I’m trying to get a definition of religion, as opposed to spirituality, for my glossary. You’d think that’d be a simple task. But alas NOT.

“Religion” is a term like “shaman” which is an anthropological term imposed on “native” subjects of study – So then Chad, why are you walking around a circle with a smudge stick every other Tuesday when that big bright star is over that big-assed mountain? Rite? Repeated. Faith in that rite? The rite that reinforces that narrative/myth associated with that rite that may have ancestral wisdom that is evolutionarily relevant. Religion is the repetition of the rites that keep us entrained to the narratives that we hold culturally valuable, even if they are fucked like they are in our culture now (don’t get me started on the bullshit narratives that our rites are reinforcing and don’t get me started on the neurological elements of that manipulation). Now what about power.

Says Jonathan Z. Smith in his dense essay Religion, Religions, Religious:*

“It is impossible to escape the suspicion that a world religion is simply a religion like ours, and that it is, above all, a tradition that has achieved sufficient power and numbers to enter our history to form it, interact with it, or thwart it. (You might wanna re-read that, I had to a bunch of times to get the true horror of the implication)

We recognize (me again – why do these guys always use the imperial “we” when a singular author wrote the damn dense thing) both the unity within and the diversity among the world religions because they correspond to important geopolitical entities with which we must deal. All “primitives,” by way of contrast, may be lumped together, as may the “minor religions,” because they do not confront our history in an direction fashion (…wait for it, wait for it…) From the point of power, they are invisible.”

Faceplant here.

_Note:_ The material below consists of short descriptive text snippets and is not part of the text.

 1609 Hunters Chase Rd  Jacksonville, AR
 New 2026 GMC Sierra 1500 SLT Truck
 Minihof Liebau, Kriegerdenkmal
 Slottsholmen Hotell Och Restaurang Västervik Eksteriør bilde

That is the nature of my disseration. They are not invisible, but what those “lessor” religions ritualize and mythologize are those psychic/social/emotional currents that run through us anyway, that are part of our story here, our tendencies as mammals. This is what I am doing, trying to bring the white girls juju back up. It’s already there in us, and that is why there is a bunch of crazy white cat ladies. We have that sensibility to be connected and just because the dominant world religion has relegated us to the top of the bottom rung of the patriarchal colonial food chain doesn’t mean we have to stay there. In fact it means we are of great value to them as means of energy, but if they devalue us culturally, through myth/narrative over and over through…um…RELIGION, we give it up for free.

Think of what a good plan that was. Elevate some of the bottom class to a little higher than the more worser scarier bottom and you have your patriarchal top hat on for life. S’cuse me Scarecrow, think I’m digressing.

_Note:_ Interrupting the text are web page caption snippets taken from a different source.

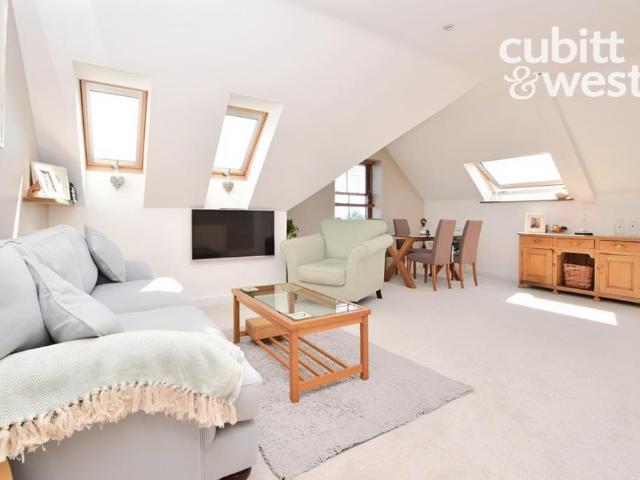 Apartment for rent in Cross In Hand, East Sussex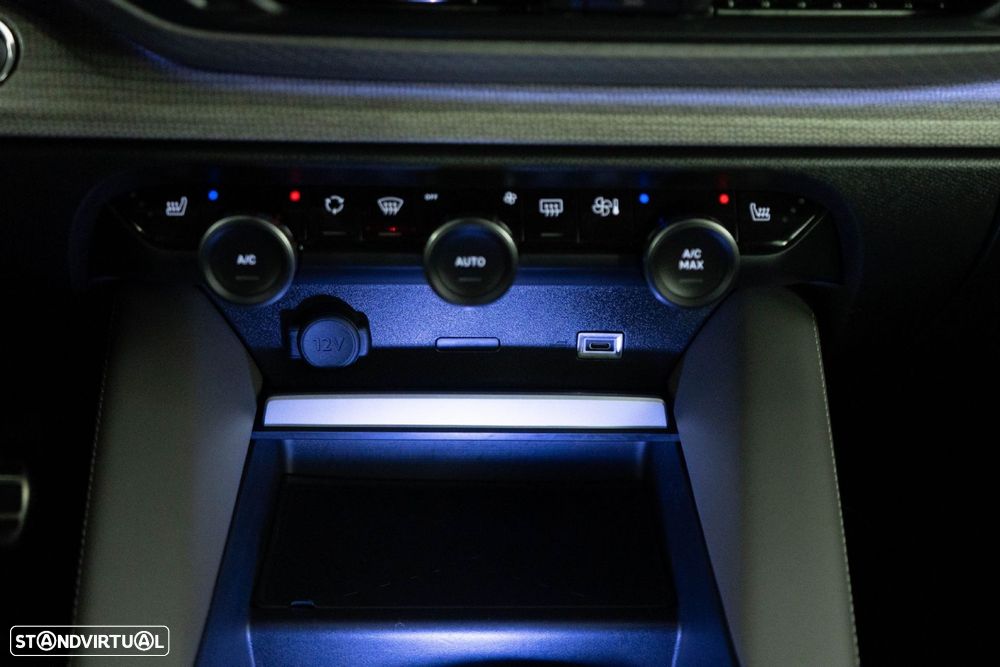 Citroën C5 X 1.6 Hybrid Shine Pack e-EAT8 - 28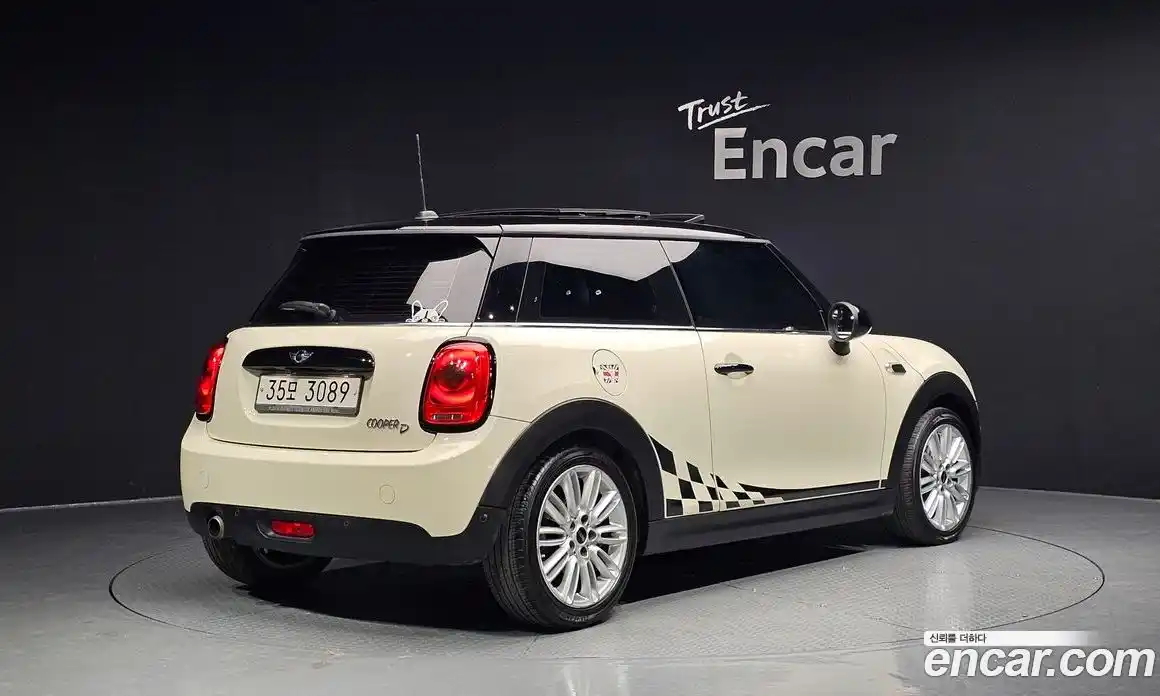 Mini Cooper 2017 1.5 Автомат в Москве № 200641, фото 19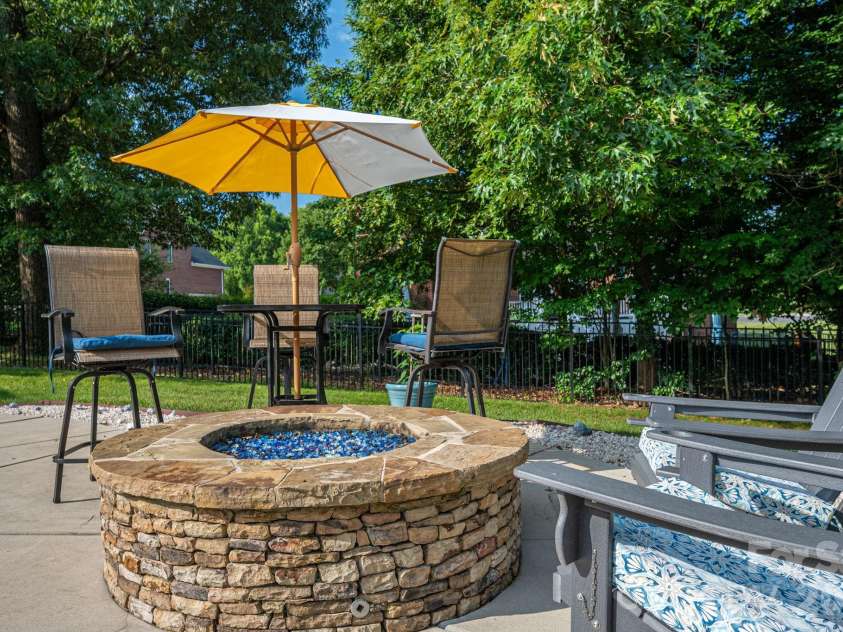 5021 Graystone Estates Drive, Belmont, NC 28012.  MLS# CAR4399399, YatesRealty ID 36531. 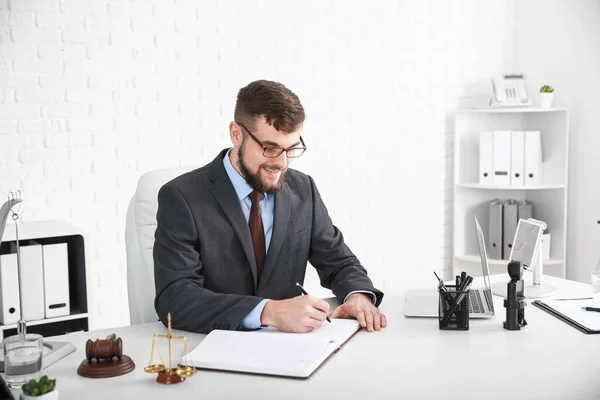 Männlicher Anwalt Sitzt Arbeitsplatz Büro — Stockfoto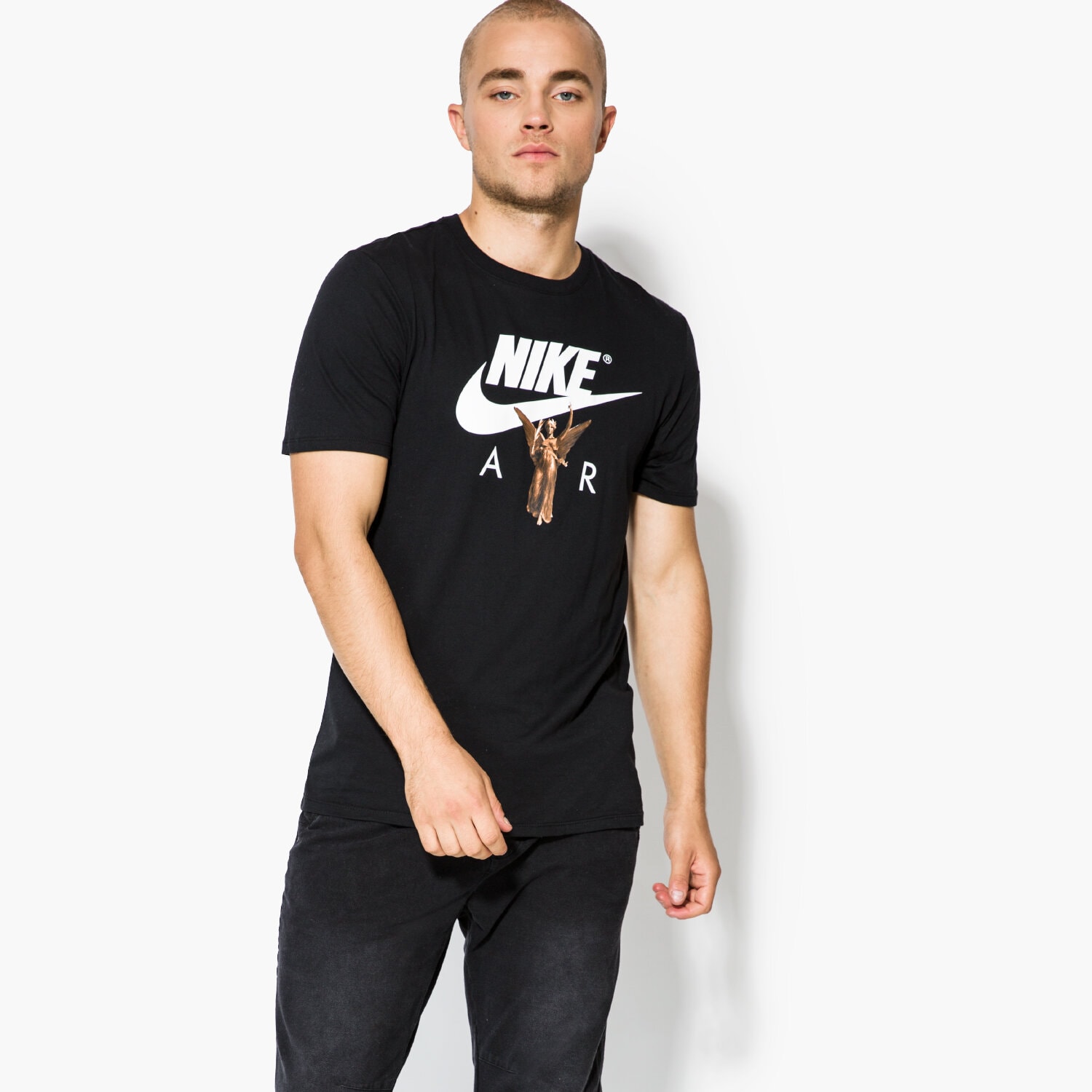 Koszulka, t-shirt sportowy męski NIKE T-SHIRT SS TEE AIR PHOTO 856366010 CZARNY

This dynamic of that food chain thing has been said by better than myself, in fact, I am startin to think that one has got to look at colonialism if we’re looking for that one closepin that is holding this charade of violent, wasteful, patriarchal culture together. Get that one piece and we can bring this thing down.

*Critical Terms for Religious Studies, ed Mark C. Taylor.

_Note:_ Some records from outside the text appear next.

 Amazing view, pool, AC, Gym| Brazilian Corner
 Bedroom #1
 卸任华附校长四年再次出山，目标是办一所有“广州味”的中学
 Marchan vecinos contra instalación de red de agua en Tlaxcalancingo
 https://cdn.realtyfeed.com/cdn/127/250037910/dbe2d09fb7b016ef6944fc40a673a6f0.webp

1 thought on “Thinkin on Religion

  • “In fact it means we are of great value to them as means of energy, but if they devalue us culturally, through myth/narrative over and over through… um… RELIGION, we give it up for free.”

    HOly crow. Coming late to the blog here, but had to comment on that statement above that you made. I’ve known it intellectually for most of my life, but I had to read it twice to really viscerally grasp the depths of the cruelty inherent in supporting this patriarchal, misogynist system.

    My dissertation writing is coming up soon — thank you for this blog, which is helping me not to get complacent about the desperately unjust society we live in.